Dans un éditorial d’accompagnement de l’article de G.Dagenais et coll, J. Kocarnik fait cette recommandation: “Les succès futurs dans la lutte équitable contre le cancer nécessitent que les dirigeants aux niveaux local et mondial reconnaissent, agissent et restent vigilants face à ces tendances”. C’est intéressant mais est ce probable? Pour le savoir il faut se pencher sur les causes de mortalité par cancer. La première cause est l’absence de traitements suffisamment efficaces pour les cancers les plus agressifs. En effet les infections par exemple ont attendu la large utilisation des antibiotiques pour régresser. Il est assez clair que la découverte de médicaments très efficaces contre le cancer dépend surtout de la recherche et de son financement. Le rôle de l’épidémiologie est modeste car sur le plan de la prévention nous connaissons les causes majeures c’est à dire le tabagisme, le vieillissement et l’obésité. En réalité il n’y a pas de “lutte contre le cancer” mais plutôt une course dans les découvertes. Accélérer cette course est beaucoup plus efficace que de décréter une guerre contre le cancer comme le fit Nixon en 1971 avec le risque d’échec d’un objectif fixé arbitrairement. L’accélération de la recherche est en cours sur le plan quantitatif puisqu’il n’y a jamais eu dans l’histoire de l’humanité autant de cerveaux humains dévolus à cette tâche. Mais s’agissant de cellules de l’individu c’est beaucoup plus difficile à cibler que des micro-organismes. Au total l’épidémiologie mondiale est utile mais ne permet pas d’envisager d’accélérer cette course. Enfin il est souhaitable que chaque pays prenne à bras le corps la question du big data des données de santé publique afin que ces statistiques soient plus précises et actualisées en continu. Cela ne concerne pas uniquement les pays ayant un PIB/habitant bas mais aussi les autres.
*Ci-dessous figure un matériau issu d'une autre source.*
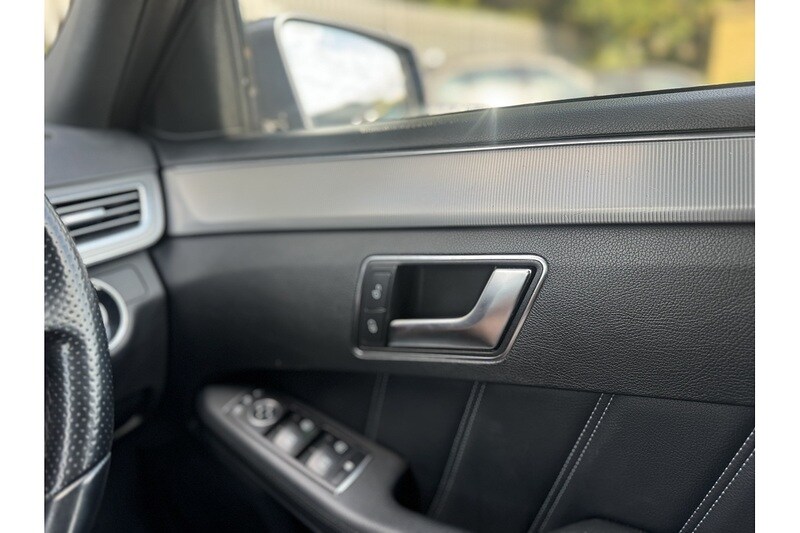 Used Mercedes-Benz E Class for sale - 77693833: Photo 39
Comment expliquer ces résultats? Quelles sont les conseils pour la France et les pays où la prévalence des MCV est faible?

Les maladies cardiovasculaires restent la principale cause de mortalité sur l’ensemble de la planète mais ces moyennes sont trompeuses tant les écarts sont grands entre les allèles génétiques qui y prédisposent, les différentes éco-niches et les stades de développement économiques. En réalité les MCV ne représentent que 23% des décès dans les pays à revenu par habitant élevé, comparé à 41% et 43% dans les pays à revenu par habitant  moyen et faible, respectivement. Le cancer, quant à lui, est responsable de 55% des décès dans les pays à haut revenu par habitant, contre 30% et 15% dans les pays à revenu par habitant moyen et faible. Pour l'instant ces conclusions s'appliquent spécifiquement aux pays à revenu élevé ayant participé à l'étude - le Canada, la Suède, les Émirats arabes unis et l'Arabie saoudite. Parmi ceux-ci, le ratio de maladies cardiovasculaires sur les décès par cancer était de 0,40. En outre, quatre autres pays à revenu intermédiaire de la tranche supérieure - l'Argentine, le Chili, la Pologne et la Turquie - avaient également des ratios similaires. Ceci est très important. En effet aucun de ces pays n’a une prévalence faible des MCV comme le Japon, les pays du sud de l’Europe dont la France ou la Suisse par exemple. Il s’agit là d’une limitation majeure de cet article. Les pays à haut revenu par habitant et à faible prévalence des MCV présentent des situations bien différentes. Comme le démontre la Figure N°2 cette transition s’est déjà produite en France depuis au moins les années 2000 chez les hommes alors que les cancers ont toujours été plus prévalents et plus mortels que les MCV chez les femmes françaises. Ces données prises en compte les données de PURE apparaissent comme un non évènement pour les pays à faible prévalence de MCV et singulièrement la France. 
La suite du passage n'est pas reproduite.